India Cements has announced its standalone and consolidated financial results for the quarter and financial year ended March 31, 2026. The company reported a standalone net profit of ₹54.75 crore for the final quarter. The board also provided updates on business restructurings, including the amalgamation of four wholly-owned subsidiaries and the divestment of overseas assets, reflecting a strategic focus on streamlining operations under the new ownership structure.
Annual Financial Performance
For the financial year ended March 31, 2026, the company reported standalone total income of ₹4,580.97 crore, a significant improvement from ₹4,125.26 crore in the previous fiscal year. The standalone net profit for the year stood at ₹65.32 crore, marking a turnaround from the net loss of ₹655.65 crore reported in the prior year. On a consolidated basis, the company reported a net loss after tax, minority interest, and share of profits of ₹67.25 crore for the fiscal year.

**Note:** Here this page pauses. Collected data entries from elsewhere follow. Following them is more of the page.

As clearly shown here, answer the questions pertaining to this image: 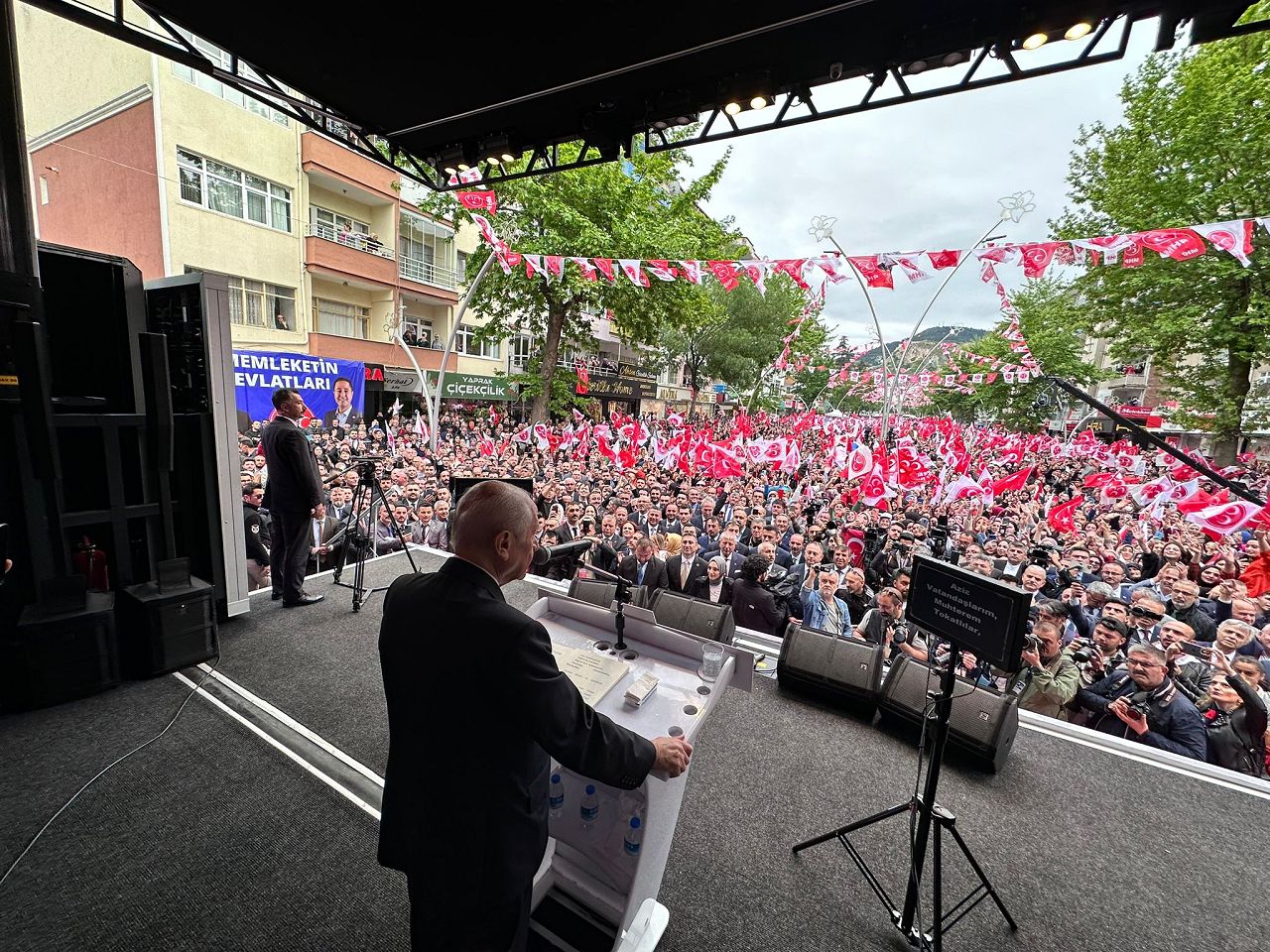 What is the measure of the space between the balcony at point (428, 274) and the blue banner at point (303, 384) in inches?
207

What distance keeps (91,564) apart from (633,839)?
3.67 metres

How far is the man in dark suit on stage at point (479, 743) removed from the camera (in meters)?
1.12

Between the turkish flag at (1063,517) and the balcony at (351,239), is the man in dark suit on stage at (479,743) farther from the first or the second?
the balcony at (351,239)

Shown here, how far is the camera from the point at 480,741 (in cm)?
115

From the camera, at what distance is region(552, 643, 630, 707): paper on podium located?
65.5 inches

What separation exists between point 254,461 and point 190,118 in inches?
321

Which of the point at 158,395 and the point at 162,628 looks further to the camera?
the point at 162,628

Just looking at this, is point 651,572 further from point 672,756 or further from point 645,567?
point 672,756

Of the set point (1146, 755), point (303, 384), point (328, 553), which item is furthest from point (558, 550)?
point (303, 384)

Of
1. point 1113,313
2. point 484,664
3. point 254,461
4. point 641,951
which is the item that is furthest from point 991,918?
point 1113,313

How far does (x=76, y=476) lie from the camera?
3.12 metres

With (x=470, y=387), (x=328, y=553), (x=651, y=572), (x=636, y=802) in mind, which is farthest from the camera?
(x=470, y=387)

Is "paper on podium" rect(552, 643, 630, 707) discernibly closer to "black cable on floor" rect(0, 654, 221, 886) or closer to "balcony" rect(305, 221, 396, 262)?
"black cable on floor" rect(0, 654, 221, 886)

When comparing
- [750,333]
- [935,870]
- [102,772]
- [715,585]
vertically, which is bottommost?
[102,772] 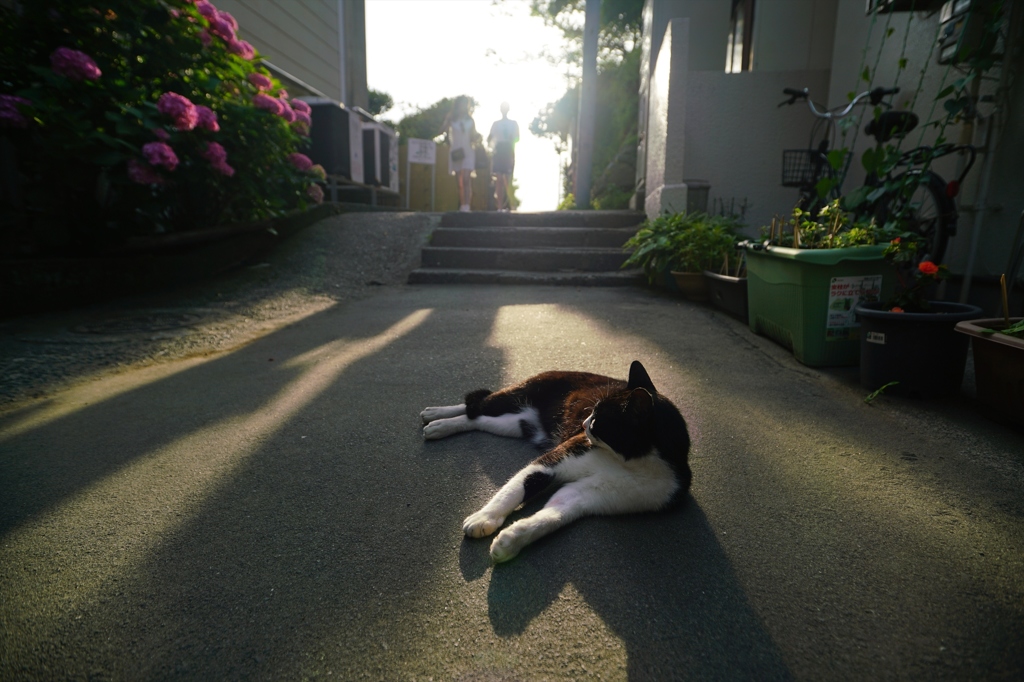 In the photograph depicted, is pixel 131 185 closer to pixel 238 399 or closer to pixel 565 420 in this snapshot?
pixel 238 399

Strategic Business Developments
The company achieved a major milestone with the amalgamation of four of its wholly-owned Indian subsidiaries: ICL Securities Ltd, ICL Financial Services Ltd, ICL International Ltd, and India Cements Infrastructures Ltd. This scheme, which had an appointed date of January 1, 2025, was made effective from March 28, 2026, following the sanction from the National Company Law Tribunal.
Asset Optimization and Divestments
During the fiscal year, the company initiated several key divestments. This includes the sale of its entire equity holding in Industrial Chemicals & Monomers Ltd (ICML), which was finalized in June 2025. Additionally, the company’s overseas subsidiaries in Indonesia and Singapore divested their holdings in PT Adcoal Energindo. These moves are part of a broader strategy to refine the company’s asset portfolio and improve operational efficiency.
Governance and Compliance
The Board of Directors approved these financial results during their meeting on April 25, 2026. The statutory auditors have issued an unmodified opinion on the audited financial results for both standalone and consolidated statements. The management continues to actively manage ongoing legal matters, including statutory asset attachments and competition-related penalty disputes, maintaining that they have strong legal grounds for their positions.